What you need to do
Pictures excluded, reproduce exactly the lines below from the one with "14KT Yellow Gold" through the one with "Coș de rufe personalizat", both included.
*** Supplied information
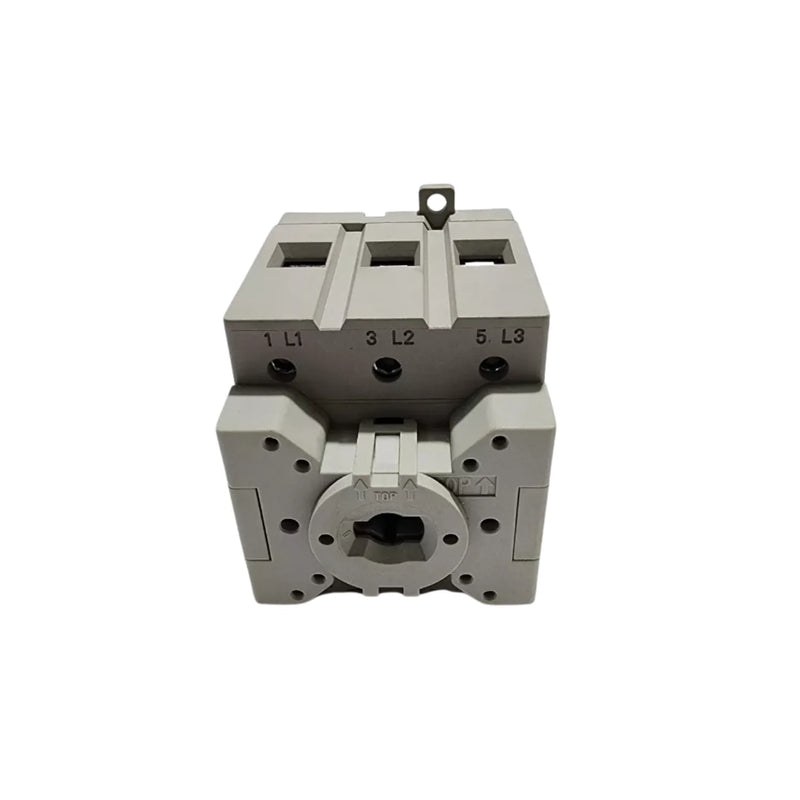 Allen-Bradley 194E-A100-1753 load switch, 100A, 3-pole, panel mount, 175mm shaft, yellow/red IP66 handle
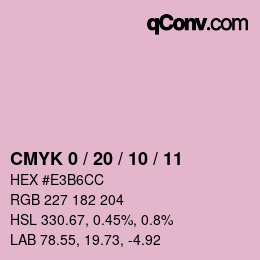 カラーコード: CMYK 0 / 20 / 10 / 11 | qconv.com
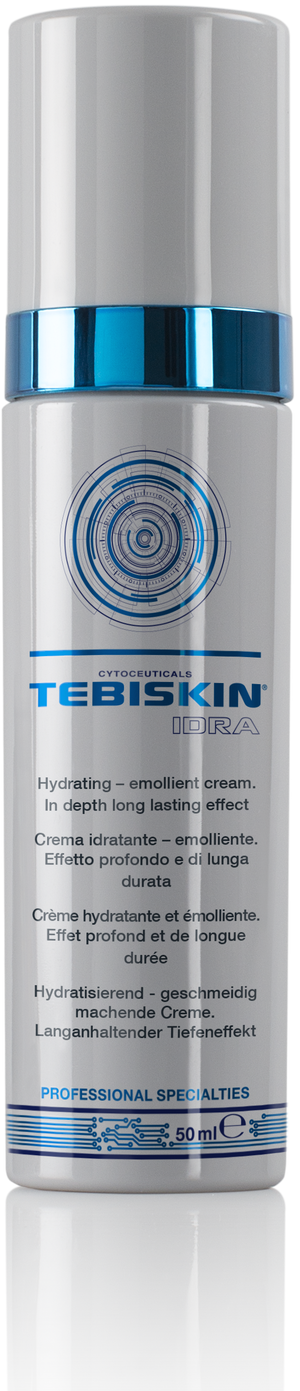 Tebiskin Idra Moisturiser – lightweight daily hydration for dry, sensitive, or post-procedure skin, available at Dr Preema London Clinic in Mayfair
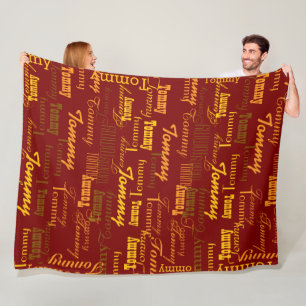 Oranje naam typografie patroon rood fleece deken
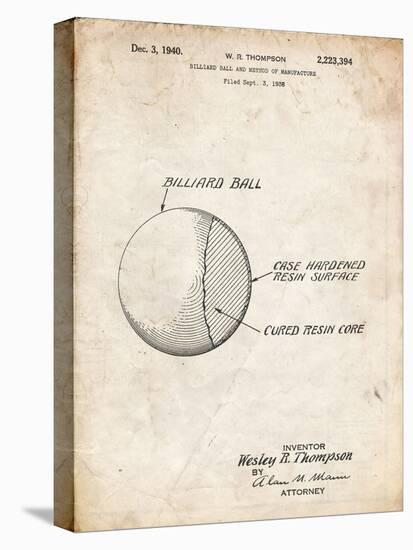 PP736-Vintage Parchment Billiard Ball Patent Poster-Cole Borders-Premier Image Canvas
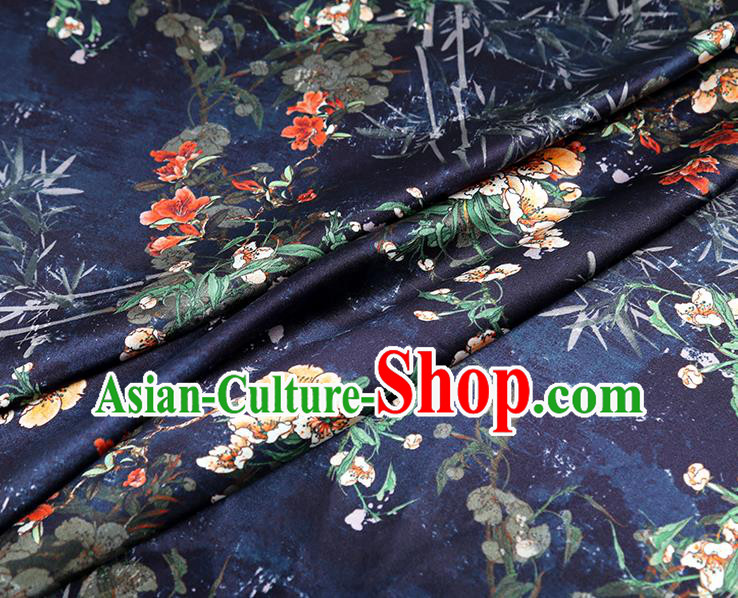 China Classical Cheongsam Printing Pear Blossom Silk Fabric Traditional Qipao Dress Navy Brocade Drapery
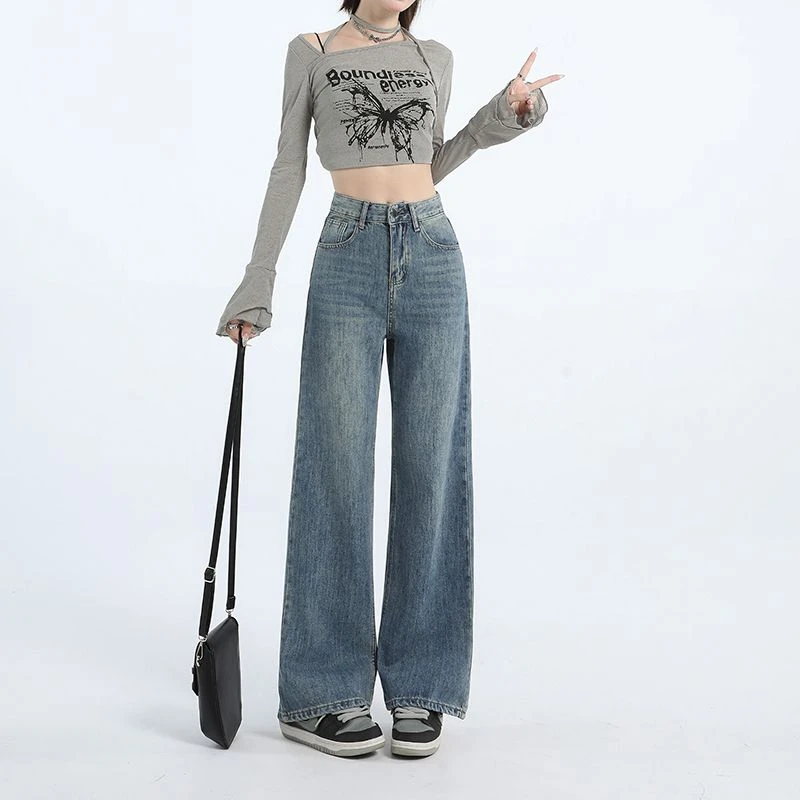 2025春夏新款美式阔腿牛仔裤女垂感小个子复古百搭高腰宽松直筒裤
******
*** Supplied information
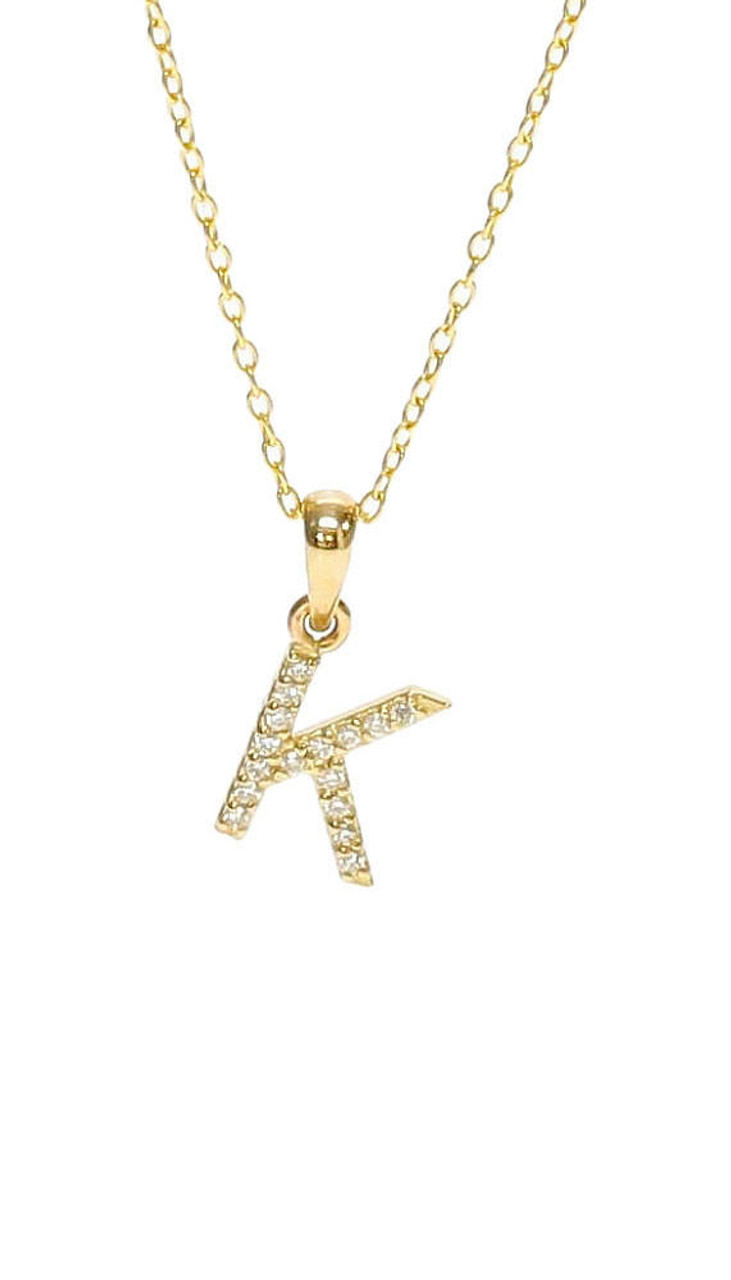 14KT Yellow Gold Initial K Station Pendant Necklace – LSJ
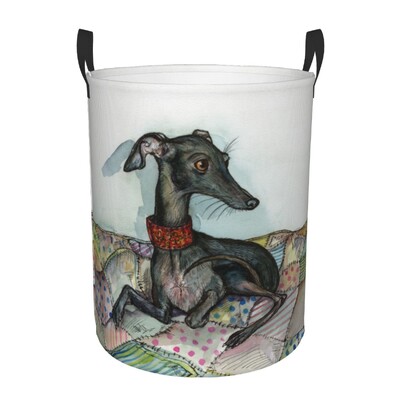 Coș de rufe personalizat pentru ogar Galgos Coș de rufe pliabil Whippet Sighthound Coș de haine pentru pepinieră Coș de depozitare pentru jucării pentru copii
******
Response to this task
 14KT Yellow Gold Initial K Station Pendant Necklace – LSJ
 Coș de rufe personalizat pentru ogar Galgos Coș de rufe pliabil Whippet Sighthound Coș de haine pentru pepinieră Coș de depozitare pentru jucării pentru copii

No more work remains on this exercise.